Many models machine learning (ML) at scale in Azure with Spark

Azure Data Factory
Azure Data Lake
Azure Databricks
Azure Machine Learning
Azure Synapse Analytics

This article describes an architecture for many models that uses Apache Spark in either Azure Databricks or Azure Synapse Analytics. Spark is a powerful tool for the large and complex data transformations that some solutions require.

Note

Use Spark versions 3.0 and later for many models applications. The data transformation capabilities and support for Python and pandas are much better than in earlier versions.

A companion article, Many models machine learning (ML) at scale with Azure Machine Learning, uses Machine Learning and compute clusters.

Architecture

Architecture diagram for many models machine learning at scale on Azure with Spark.

Download a Visio file of this architecture.

Dataflow

  1. Data ingestion: Azure Data Factory pulls data from a source database and copies it to Azure Data Lake Storage.
  2. Model-training pipeline:
    1. Prepare data: The training pipeline pulls the data from Data Lake Storage and uses Spark to group it into datasets for training the models.
    2. Train models: The pipeline trains models for all the datasets that were created during data preparation.

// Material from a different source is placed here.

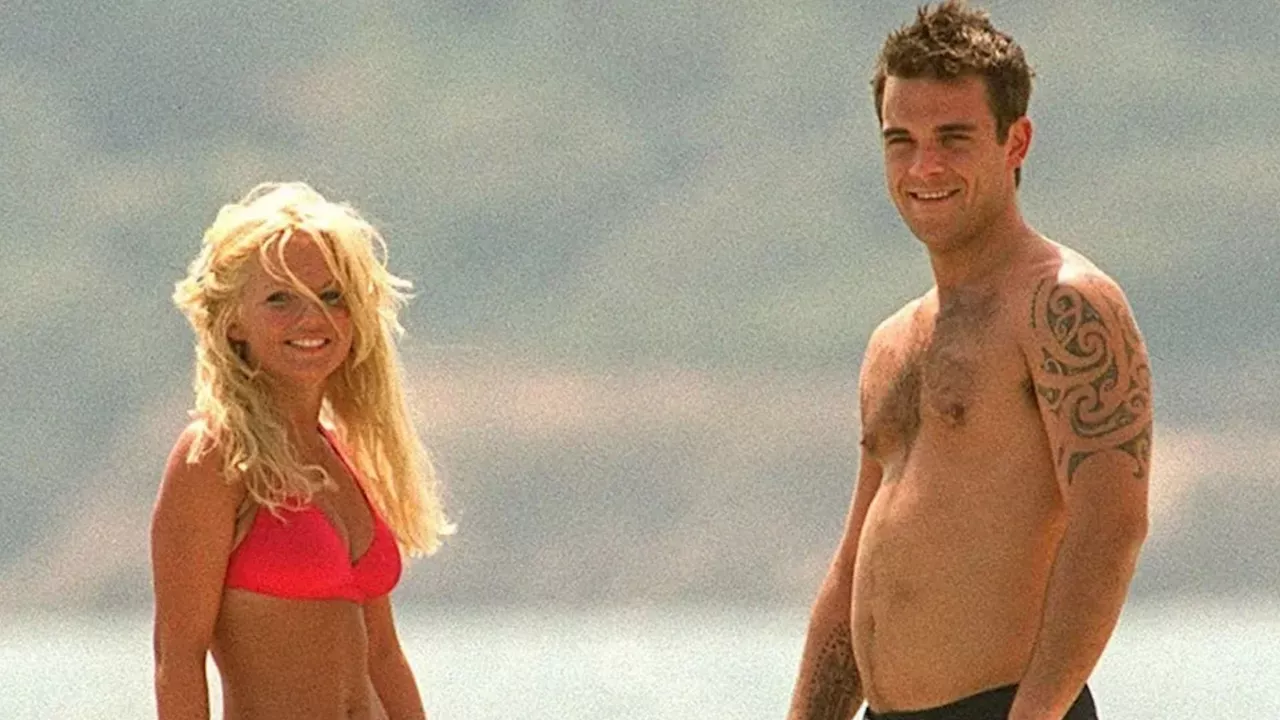 Robbie Williams reveals real reason he dumped Geri Halliwell in new Netflix doc...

It uses the pandas function API to train multiple models in parallel. After a model is trained, the pipeline registers it into Machine Learning along with the testing metrics.
  3. Model-promotion pipeline:
    1. Evaluate models: The promotion pipeline evaluates the trained models before moving them to production. A DevOps pipeline applies business logic to determine whether a model meets the criteria for deployment. For example, it might check that the accuracy of the testing data is over 80 percent.
    2. Register models: The promotion pipeline registers the models that qualify to the production Machine Learning workspace.
  4. Model batch-scoring pipeline:
    1. Prepare data: The batch-scoring pipeline pulls data from Data Lake Storage and uses Spark to group it into datasets for scoring.
    2. Score models: The pipeline uses the pandas function API to score multiple datasets in parallel. It finds the appropriate model for each dataset in Machine Learning by searching the model tags. Then it downloads the model and uses it to score the dataset. It uses the Spark connector to Synapse SQL to retain the results.
  5. Real-time scoring: Azure Kubernetes Service (AKS) can do real-time scoring if needed. Because of the large number of models, they should be loaded on demand, not pre-loaded.
  6. Results:
    1. Predictions: The batch-scoring pipeline saves predictions to Synapse SQL.
    2. Metrics: Power BI connects to the model predictions to retrieve and aggregate results for presentation.

Components

  • Azure Machine Learning is an enterprise-grade ML service for building and deploying models quickly. It provides users at all skill levels with a low-code designer, automated ML (AutoML), and a hosted Jupyter notebook environment that supports various IDEs.
  • Azure Synapse Analytics is an analytics service that unifies data integration, enterprise data warehousing, and big data analytics.
  • Synapse SQL is a distributed query system for T-SQL that enables data warehousing and data virtualization scenarios and extends T-SQL to address streaming and ML scenarios. It offers both serverless and dedicated resource models.
  • Azure Data Lake Storage is a massively scalable and secure storage service for high-performance analytics workloads.
  • Azure Kubernetes Service (AKS) is a fully managed Kubernetes service for deploying and managing containerized applications. AKS simplifies deployment of a managed AKS cluster in Azure by offloading the operational overhead to Azure.
  • Azure DevOps is a set of developer services that provide comprehensive application and infrastructure lifecycle management. DevOps includes work tracking, source control, build and CI/CD, package management, and testing solutions.
  • Microsoft Power BI is a collection of software services, apps, and connectors that work together to turn unrelated sources of data into coherent, visually immersive, and interactive insights.

Alternatives

  • You can use Spark in Azure Synapse instead of Spark in Azure Databricks for model training and scoring.
  • The source data can come from any database.
  • You can use a managed online endpoint or AKS to deploy real-time inferencing.

Scenario details

Many machine learning (ML) problems are too complex for a single ML model to solve. Whether it's predicting sales for every item of every store, or modeling maintenance for hundreds of oil wells, having a model for each instance might improve results on many ML problems. This many models pattern is very common across a wide variety of industries, and applies to many real-world use cases. With the use of Azure Machine Learning, an end-to-end many models pipeline can include model training, batch-inferencing deployment, and real-time deployment.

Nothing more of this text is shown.